• _Task directions_
Could you output the whole listing exactly as it stands, minus any images?

• _Input data_
>>

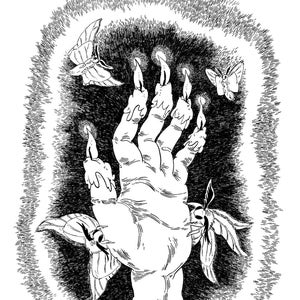 POSTCARD - Hand of Glory and Moths.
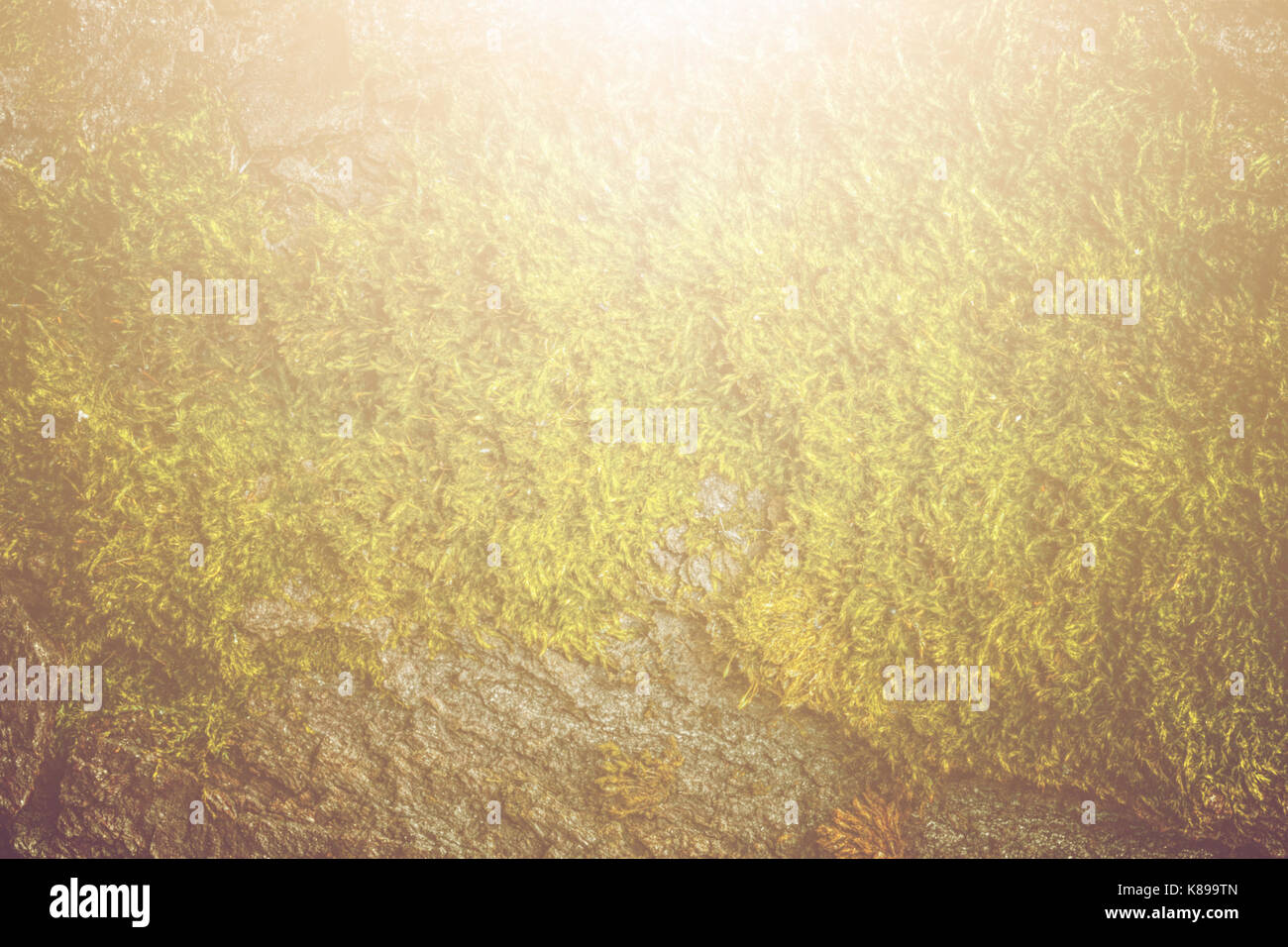 Moss and tree bark texture with natural patterns as background. Vintage ...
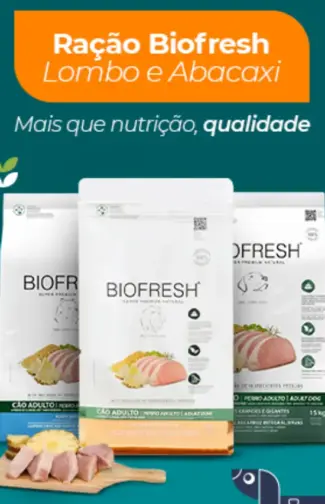 325x504_Capa-webstories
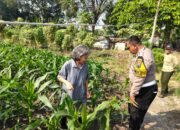 Polsek Taman Intensifkan Patroli Ketahanan Pangan, Dampingi Petani Jagung Demi Panen Optimal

<<

• _Response below_
 POSTCARD - Hand of Glory and Moths.
 Moss and tree bark texture with natural patterns as background. Vintage ...
 325x504_Capa-webstories
 Polsek Taman Intensifkan Patroli Ketahanan Pangan, Dampingi Petani Jagung Demi Panen Optimal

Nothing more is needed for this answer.